## REQUIRED ACTION
The copy has to match the data exactly and leave out every picture.

## RECORDS PROVIDED
○ ○ ○ ○
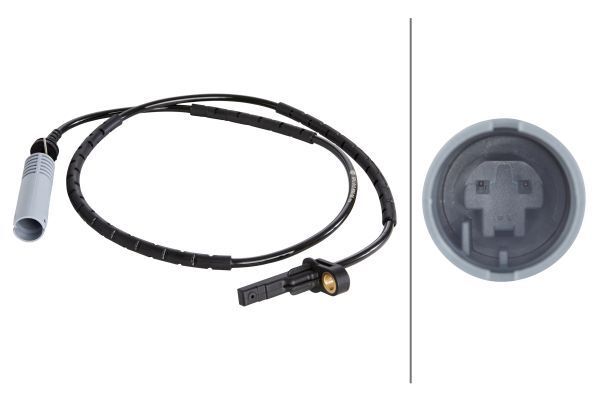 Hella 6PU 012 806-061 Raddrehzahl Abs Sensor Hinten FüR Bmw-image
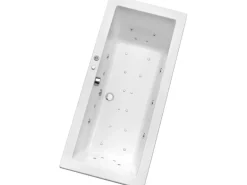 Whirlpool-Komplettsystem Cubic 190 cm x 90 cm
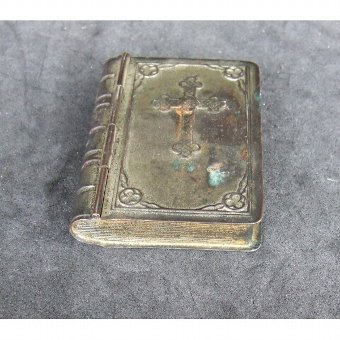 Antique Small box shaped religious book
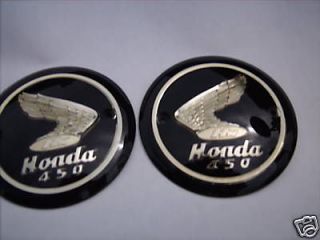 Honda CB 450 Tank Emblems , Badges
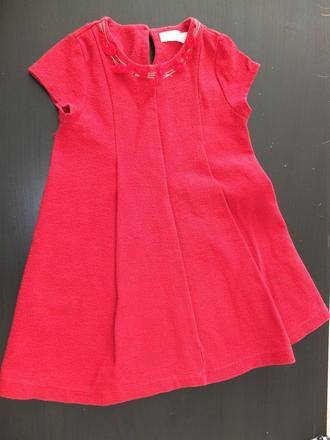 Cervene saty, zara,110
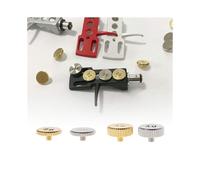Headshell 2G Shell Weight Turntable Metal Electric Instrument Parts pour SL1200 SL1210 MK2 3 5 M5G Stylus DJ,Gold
○ ○ ○ ○
## ANSWER
 Hella 6PU 012 806-061 Raddrehzahl Abs Sensor Hinten FüR Bmw-image
 Whirlpool-Komplettsystem Cubic 190 cm x 90 cm
 Antique Small box shaped religious book
 Honda CB 450 Tank Emblems , Badges
 Cervene saty, zara,110
Headshell 2G Shell Weight Turntable Metal Electric Instrument Parts pour SL1200 SL1210 MK2 3 5 M5G Stylus DJ,Gold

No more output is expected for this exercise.